Bin2 is located at the phagocytic cup of macrophages and regulates phagocytosis. A
: Epifluorescence micrographs of fixed macrophages (mouse BAC1·2F5 cell line) transiently overexpressiong Bin2-EGFP and LifeAct-mCherry. Cells were incubated with 0.9 µm latex beads for 3 min. before fixation to be able to visualize phagocytic cups (white stars). B: Confocal micrographs of two different rat alveolar macrophages (RAM) over-expressing Bin2-EGFP. Cells were incubated with alexa-labelled immune-complexed ovalbumin (pink) for 10 minutes at 37°C. Nuclei stained with DAPI (blue). Bin2 is enriched at the phagocytic cup.
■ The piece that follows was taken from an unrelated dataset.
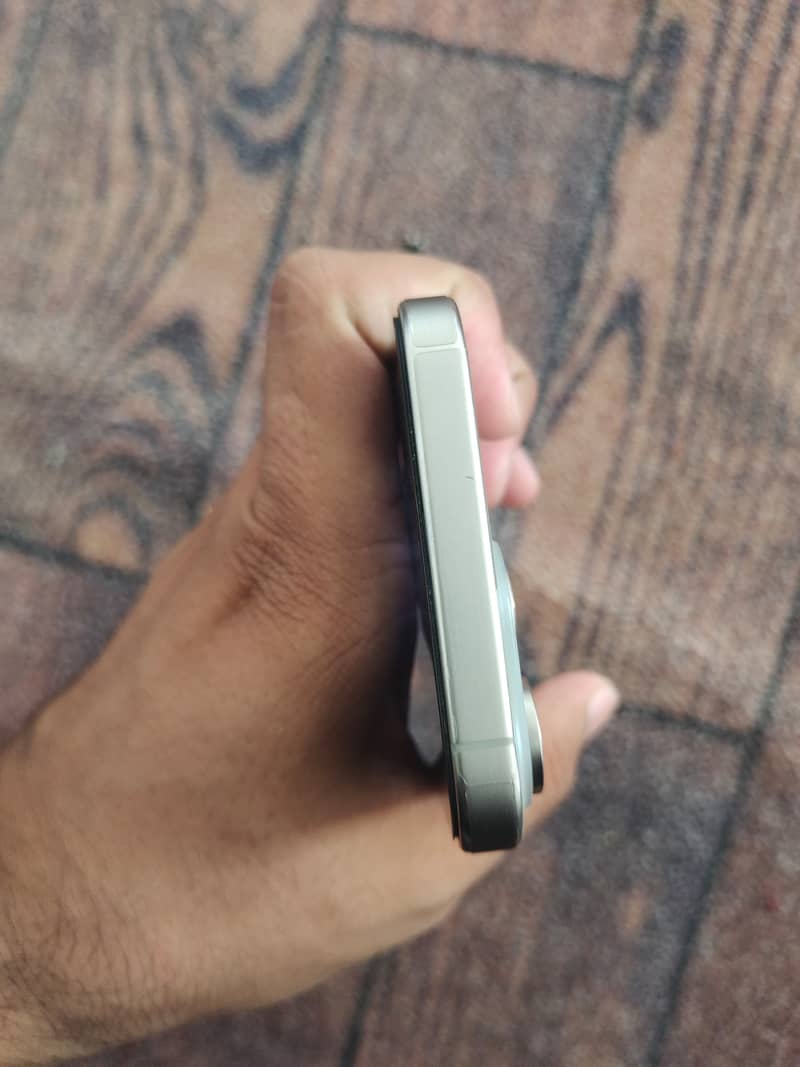 Apple iPhone 15 Pro Max 1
C: Left: western blot of RAM lysates from wild type (WT) and 48h-rBin2 siRNA transfected cells developed with polyclonal anti-hBin2 (BACT) and anti-actin (loading control) antibodies. Molecular weight markers (Broad Range, Promega) are indicated. Right: phagocytosis assay (expressed as phagocytic index (geometric mean fluorescence of positive cells)) performed with RAM cells at 4° (surface binding without internalization) and 37°C (internalization). Cells were incubated with alexa-labelled ovalbumin for 45 min before analysis by flow cytometry. Uptake from cells overexpressing rBin2-EGFP (Bin2) and rBin2 N-BAR-EGFP (N-BAR) and Bin2-depleted cells (Bin2 siRNA) where compared with control experiment (EGFP). Overexpression of a siRNA-insensitive protein on Bin2 depleted cells rescues the phenotype (Rescue). A siRNA control was also performed (siRNA control). Data are the mean ± SD. Significance was calculated using the Student’s t test (* = p<0.05). D: Confocal micrographs of RAM cells over-expressing Bin2-EGFP (Bin2, green, left) or control (EGFP, green, right). Cells were incubated with alexa-labelled immune-complexed ovalbumin (pink) for 120 minutes 37°C. Nuclei stained with DAPI (blue).